Ok, Allies building numbers of needless BBs… cost benefit vs LCTs? Get serious…
Competely different vessals using completely different facilities, Britain built one BB in WW2 and it was not finished until 1946 (the rest were already under construction) stop building BB and it would have been cruisers, carriers or destroyers not landing craft of any type built
There was an Allied plan for a 6 month post invasion to Berlin victory drive… but it got stymied politically…
And a lack of resources, under estimating the German abilities, over estimating their own, then the agreement to stop at the Elbe
& if the Allies had superior numbers of tanks… of equivalent technical proficiency…
Analogous to what P-51s were doing over Germany… then, Berlin by Xmas, baby…
Would not have solved the POL or other supplies problem, you seem to keep forgetting that tank v tank engagement was rare and the Sherman was adequate for most tasks (very good at some as well)
The 88mm could penetrate the frontal armour of Matildas/KVs & etc… & that’s why Adolf was insistent…
Still not answered any of my counters that the Tiger I led to the modern MBT
The Russian 76mm & Western Allies 57mm & 75mm could not do like-wise to the Tiger…
and all were prewar designs with only the British 6pdr being a dedicated AT gun (you also don’t specify which 76mm or 75mm), the British 6pdr Mk IV L50 and Mk V L50 by the way could penetrate the tiger frontally when using APDS which had a penetration of 110mm at 1000m against RHA and FHA at 30 degrees (the 6pdr Mk II L43 had a pen of 118 at 500m and 104 at 1000m). The US never used the rounds though on their copy of the 6pdr.
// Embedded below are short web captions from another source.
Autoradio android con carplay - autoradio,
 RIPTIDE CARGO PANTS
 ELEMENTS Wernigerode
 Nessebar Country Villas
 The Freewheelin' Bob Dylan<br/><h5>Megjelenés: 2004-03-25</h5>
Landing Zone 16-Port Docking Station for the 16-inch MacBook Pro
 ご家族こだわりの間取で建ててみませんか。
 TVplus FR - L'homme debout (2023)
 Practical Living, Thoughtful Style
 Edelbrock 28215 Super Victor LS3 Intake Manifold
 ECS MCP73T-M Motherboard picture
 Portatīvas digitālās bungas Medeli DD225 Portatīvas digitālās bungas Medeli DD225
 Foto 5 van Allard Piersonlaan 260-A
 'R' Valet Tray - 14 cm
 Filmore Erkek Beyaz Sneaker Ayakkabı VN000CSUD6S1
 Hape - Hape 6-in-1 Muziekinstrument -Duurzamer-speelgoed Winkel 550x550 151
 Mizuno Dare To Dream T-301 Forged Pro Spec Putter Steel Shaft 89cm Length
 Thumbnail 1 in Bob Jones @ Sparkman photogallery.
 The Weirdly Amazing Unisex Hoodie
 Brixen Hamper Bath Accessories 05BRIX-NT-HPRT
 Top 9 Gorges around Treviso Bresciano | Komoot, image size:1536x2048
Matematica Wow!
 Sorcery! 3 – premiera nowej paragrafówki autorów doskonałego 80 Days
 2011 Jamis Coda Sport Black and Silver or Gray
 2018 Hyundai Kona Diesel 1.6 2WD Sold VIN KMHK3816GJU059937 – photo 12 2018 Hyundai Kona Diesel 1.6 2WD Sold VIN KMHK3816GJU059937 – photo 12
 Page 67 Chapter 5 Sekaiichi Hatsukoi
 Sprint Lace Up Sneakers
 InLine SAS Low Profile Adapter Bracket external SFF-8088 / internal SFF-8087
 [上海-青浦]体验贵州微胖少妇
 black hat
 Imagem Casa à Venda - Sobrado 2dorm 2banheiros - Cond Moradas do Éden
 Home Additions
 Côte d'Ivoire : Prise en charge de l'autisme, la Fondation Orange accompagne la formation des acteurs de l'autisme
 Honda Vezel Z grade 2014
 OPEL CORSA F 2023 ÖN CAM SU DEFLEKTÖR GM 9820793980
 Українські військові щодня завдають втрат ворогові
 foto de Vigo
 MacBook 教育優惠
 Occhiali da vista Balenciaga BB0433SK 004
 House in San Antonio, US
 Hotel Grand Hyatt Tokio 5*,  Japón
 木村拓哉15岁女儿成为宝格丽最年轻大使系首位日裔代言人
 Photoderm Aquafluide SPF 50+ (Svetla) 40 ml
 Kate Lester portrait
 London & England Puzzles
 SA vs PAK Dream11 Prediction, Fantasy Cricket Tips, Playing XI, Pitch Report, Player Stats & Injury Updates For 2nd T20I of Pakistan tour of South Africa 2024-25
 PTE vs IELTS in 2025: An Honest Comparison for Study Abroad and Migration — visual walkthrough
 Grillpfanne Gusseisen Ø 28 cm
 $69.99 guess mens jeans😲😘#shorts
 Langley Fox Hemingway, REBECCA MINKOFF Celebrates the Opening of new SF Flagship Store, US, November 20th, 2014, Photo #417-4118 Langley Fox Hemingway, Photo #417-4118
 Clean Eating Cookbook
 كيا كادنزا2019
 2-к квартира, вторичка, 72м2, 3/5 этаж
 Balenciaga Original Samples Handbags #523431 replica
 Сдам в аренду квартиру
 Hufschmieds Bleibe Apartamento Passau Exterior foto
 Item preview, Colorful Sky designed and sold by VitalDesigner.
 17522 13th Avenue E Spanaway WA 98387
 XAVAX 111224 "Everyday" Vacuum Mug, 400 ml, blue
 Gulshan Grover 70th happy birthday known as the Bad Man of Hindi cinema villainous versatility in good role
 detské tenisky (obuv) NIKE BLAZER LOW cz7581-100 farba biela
The major difference in the British 3.7 AA & the 88? Weight/mobility of the mounting…
& the refusal to accept the need for combined arms tactical flexibility…
Or the British belief that smaller lighter and easier to conceal guns could do the job rather than expensive hard to produce, complicated and in desperately short supply guns. If France had not fallen the British would have had 6pdr guns in late 1940 and the 17pdr by late 1941 early 1942 but due to the need to (re)-equip their army the 2pdr was kept in production for too long as were the tanks mounting it, this pushed back the 6 pdr and 17pdr.
U.S. armoured units in Korea stuck with obsolescent Shermans wished they had a Centurion…
& likely would not have turned down the Tiger/MG 42/StG 44/Nebelwerfer if they were somehow practicably available…
The Cents had a phenominally accurate and long ranged 20pdr and could climb where no other tank could go, the Sherman could climb many areas better than the M26 and was still better than the improved version the M46 when it made its appearance (not bad considering most Shermans initially came from scrap compounds and neglected reserve in Japan)
The Tiger would have suffered the same fate it did in Italy where it could not climb the steep hills nor go off road (or use most roads due to weak bridges and culverts), not to mention its taxed final drives and engine which were a major cause of loss of the tank (couple with an inability to recover a 60tonne tank at the time)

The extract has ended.